AGENTS.md recommendations
synthesized from analysis of 4,281 threads, 208,799 messages, 901 steering events, 2,050 approval events.
executive summary
the data reveals a clear pattern: iterative, explicit collaboration beats passive acceptance. users who steer achieve ~60% resolution vs 37% for those who don’t. but excessive steering (>1:1 steering:approval ratio) signals frustration. the sweet spot is active engagement with high approval internal_app.
behaviors to ENCOURAGE
1. confirmation before action
evidence: 46.7% of steerings start with “no”, 16.6% with “wait”. users steer most when agent rushes ahead without confirmation.
recommendation:
## execution protocol
before running tests, pushing code, or making significant changes, confirm with user first unless:
- explicitly told to proceed autonomously
- the action is clearly part of an approved plan
- the change is trivial and easily reversible
ASK: "ready to run the tests?" rather than "running the tests now..."
2. scope discipline
evidence: trigger analysis shows “scope creep” and “running full test suite instead of targeted tests” as common steering triggers.
recommendation:
## scope management
- when asked to do X, do X only
- if you notice related improvements, mention them but don't implement unless asked
- for tests: use specific test flags (-run=xxx) rather than running entire suites
- when in doubt about scope, ask
3. flag/option memory
evidence: “You forgot to -run=xxx” is a recurring correction. common flags include -run=xxx, specific filter params, benchmark options.
recommendation:
## command patterns
remember user-specified flags across the thread:
- benchmark flags: -run=xxx, -bench=xxx, -benchstat
- test filters: specific test names, package paths
- git conventions: avoid git add -A, use explicit file lists
when running similar commands, preserve flags from previous invocations unless user changes them.

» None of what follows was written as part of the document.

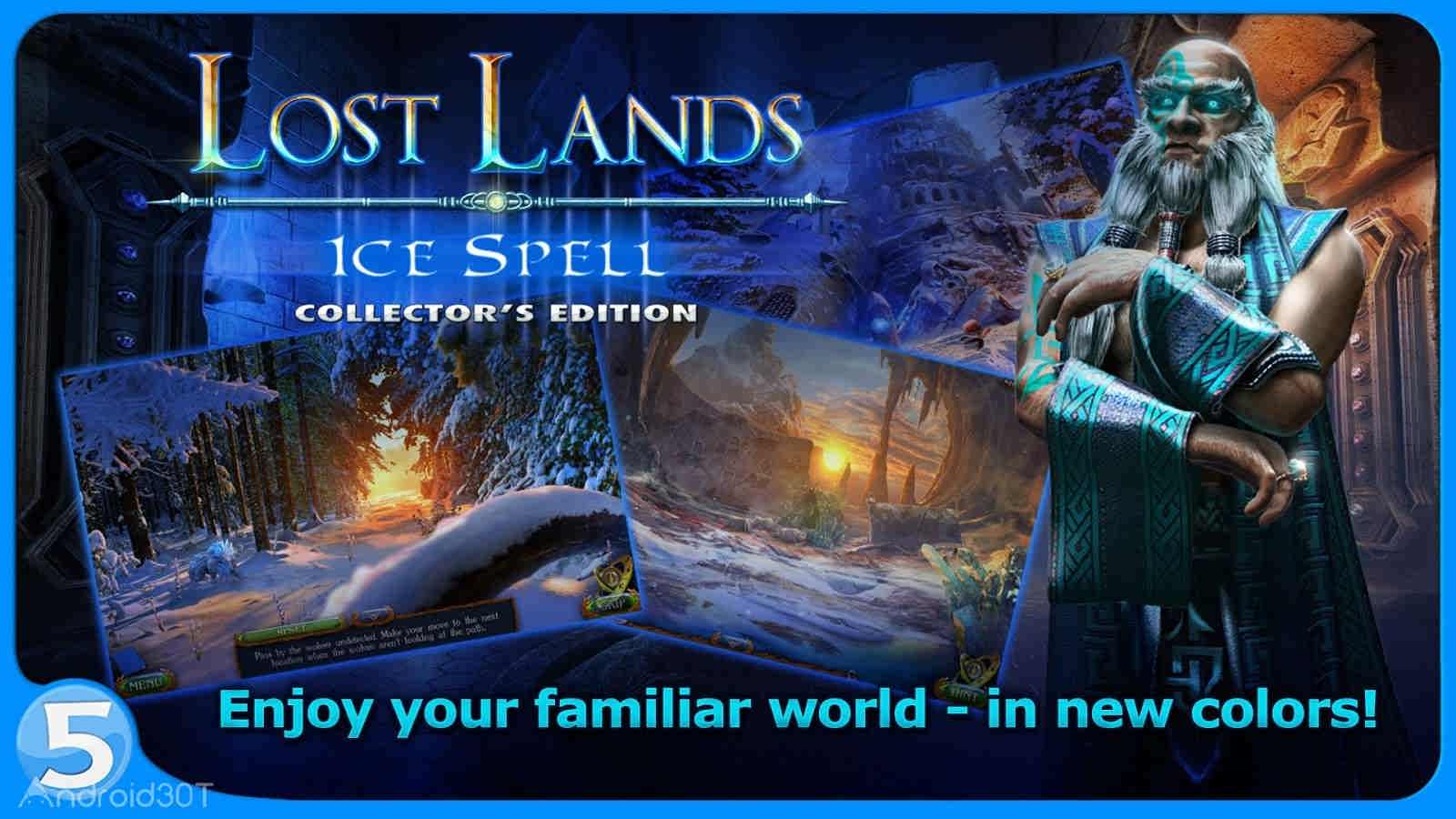 دانلود Lost Lands 5 (Full) v1.0.3 – بازی سرزمین گمشده 5 اندروید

4. file location verification
evidence: “No, not in float_test.go. Should go in column_test.go” — users steer on file placement.
recommendation:
## file operations
before writing to a file, especially for new code:
- verify the target file/directory with user
- for tests: confirm whether to add to existing test file or create new one
- for components: check naming conventions in adjacent files
5. thread spawning for complex work
evidence: threads that spawn subtasks correlate with deeper, more successful work. max chain depth observed: 5 levels. top spawners produce 20-32 child threads.
recommendation:
## thread structure
for complex multi-phase work:
- use Task tool to spawn focused subtasks
- each subtask should have clear scope and exit criteria
- spawn depth of 2-3 is healthy; beyond 5 suggests over-fragmentation
- when stuck in a single context, consider spawning a fresh subtask
6. uniform internal_app
evidence: successful threads maintain consistent approval distribution across phases (early: 1.85, middle: 1.91, late: 1.87). no front-loading or back-loading.
recommendation:
## pacing
- seek small, frequent confirmations rather than large batches
- if you haven't received feedback in several turns, pause and check in
- don't batch multiple changes before showing user
behaviors to AVOID
1. premature action
evidence: “Wait a fucking second, you responded to all of that without confirming with me?” — strongest steering language appears here.
anti-pattern:
❌ "Now let's run the tests to see if this fixes..."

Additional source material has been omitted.